Dass ich irgendwann irgendwo Krebs bekomme, davon geh ich mal aus. Man bekommt sowieso mit hoher Wahrscheinlichkeit Krebs, wenn man sich nicht mit Mitte 30 mit dem Motorrad um den Baum wickelt oder so. Insofern sehe ich das entspannter, als das jetzt klingt. Ich hab ja auch noch andere Sachen, die ich im Blick behalten muss: Meine Arthrose wird, soviel habe ich schon mitbekommen, im Laufe der Zeit schlimmer werden, ich hab außerdem ne faire Chance, Diabetes zu kriegen, und die Leber, die verträgt all die Medikamente nicht so richtig gut. Und es warten ja auch noch haufenweise multiresistente Bakterien darauf, mich bei lebendigem Leibe aufzufressen. Die nächsten paar Jahre dürften jedenfalls interessant werden.

Die Niere aber hat bis jetzt tapfer alles mitgemacht. Um die mache ich mir am wenigsten Sorgen. Ich bin jedenfalls sehr gespannt, wie das nächste Jahr wird.

Lars Fischer

Ich bin gelernter Chemielaborant und habe ab 1999 in diesem Beruf gearbeitet. Anschliessend habe ich an der Uni Hamburg Chemie studiert. Seit dem Abschluss Ende 2006 veröffentliche ich Beiträge in meinem Fischblog und verkaufe Artikel an andere Publikationen.
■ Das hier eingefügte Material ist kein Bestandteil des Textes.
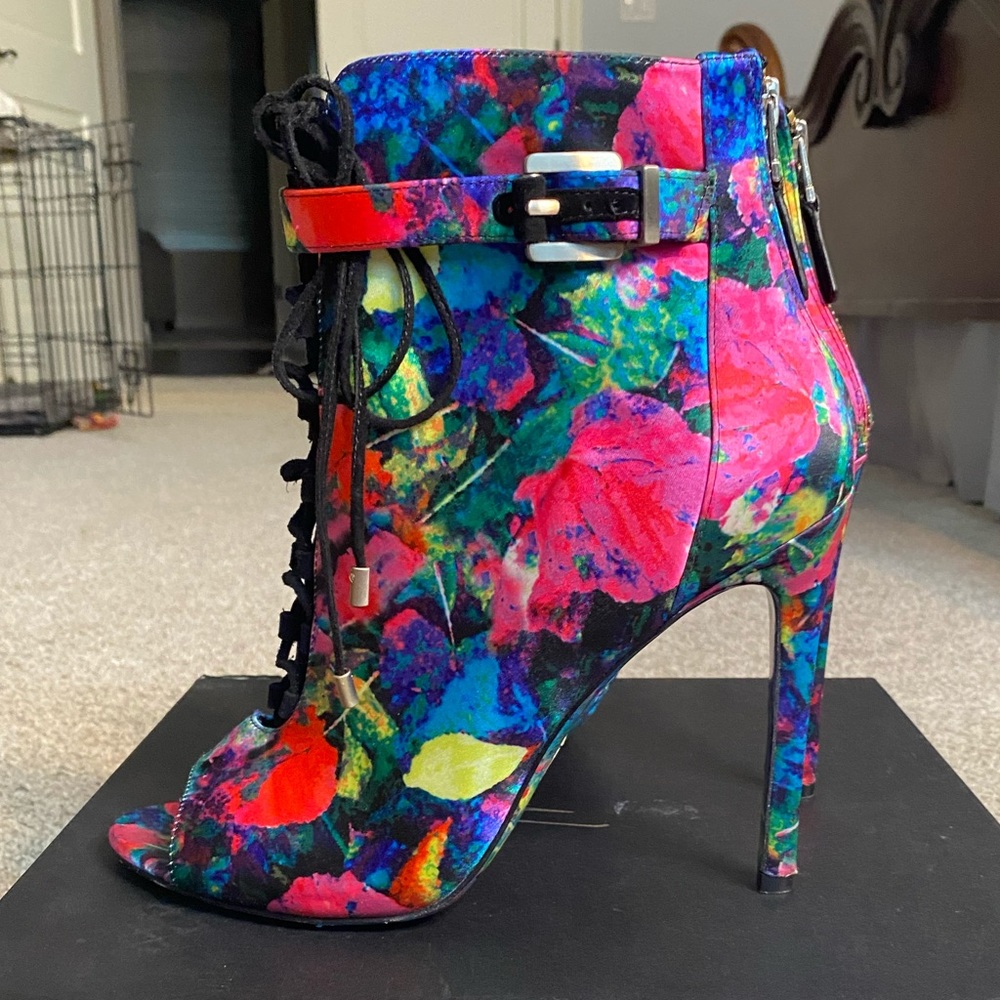 Brian Atwood Multicolor Satin Booties Open Toe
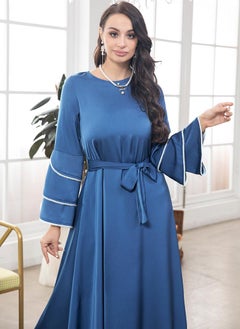 Elegant style Round neck Splicing pattern Solid color Ribbon Petal sleeve Kaftan Blue - pzsku/Z141A0F14CD4AEE15ECC6Z/45/_/1706519916/0681ee98-e95b-4243-b2ae-1dd94bc4d5c6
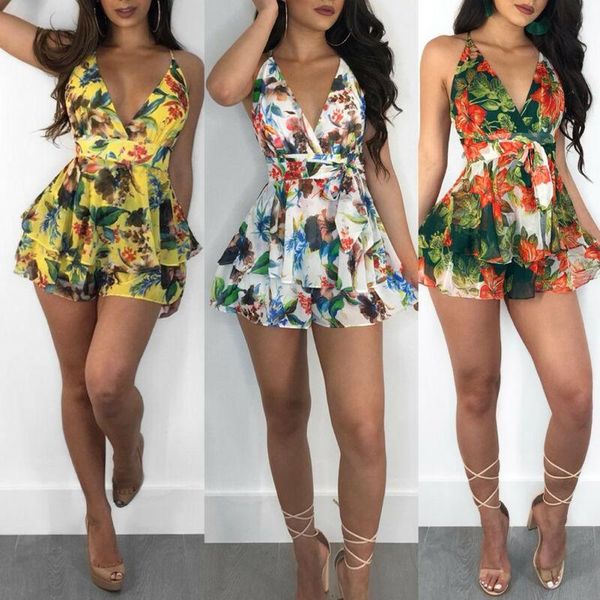 

women's jumpsuits & rompers 2021 beach summer floral v neck backless jumpsuit bodycon playsuit short romper, Black;white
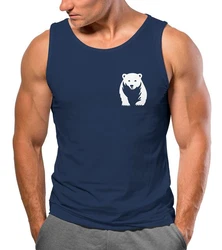 Neverless Tanktop Herren mit Aufdruck Brustprint Logo Dunkelblau/Blau/Braun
Seit 2008 wohne ich im Raum Heidelberg und bin bei Spektrum der Wissenschaft für das Blogportal Scilogs verantwortlich. Daneben arbeite ich als freier Journalist und Redakteur unter anderem für die digitalen Angebote von Spektrum, veröffentliche auf verschiedenen Social-Media-Plattformen und experimentiere mit Mobile Reporting. Zu meiner Webseite

17 Kommentare

  1. Hallo Lars!

    Ich habe diese ganze #catchthekidney-Geschichte mit immer größerer Aufmerksamkeit verfolgt und verneige mich zunächst tief vor Deiner Mutter! Wer lässt sich schon gerne aufschneiden und so ein Teil entnehmen, von dem man nicht weiß, ob man’s selber mal brauchen könnte? Aber gut: der eigene Sohn nimmt da schon eine Sonderstellung ein, das kann ich nachvollziehen. Dennoch: Respekt!
    Ich habe also mitgefiebert und mich miterfreut an der offenbar gelungenen Transplantation und der in der nachfolgenden Zeit zwar schwierigen doch fortschreitenden Genesung.
    Dass sich aber tatsächlich so viele Schwierigkeiten in den Lebensweg werfen, wenn man eine solche Transplantation hinter sich hat, war mir ehrlich nicht bewusst! Daher „Danke“ für diesen Artikel. Das öffnet schon die Augen für die speziellen Umstände von jemanden, den man gemeinhin als „jetzt gesund“ betrachten würde.
    Ich freue mich jedenfalls für Dich, dass wesentliche Aspekte des täglichen Lebens durchaus einfacher geworden bzw. überhaupt noch möglich sind! Ich bewundere sehr Deine klare, strukturierte „Schreibe“ und weiß sehr wohl, was Dein Verlag an Dir hat! 🙂 Ich freue mich auf viele, viele weitere Artikel aus dem Horrorszenario der irdischen Evolution und dem „Best Of“ in Form der WWAS-Videos!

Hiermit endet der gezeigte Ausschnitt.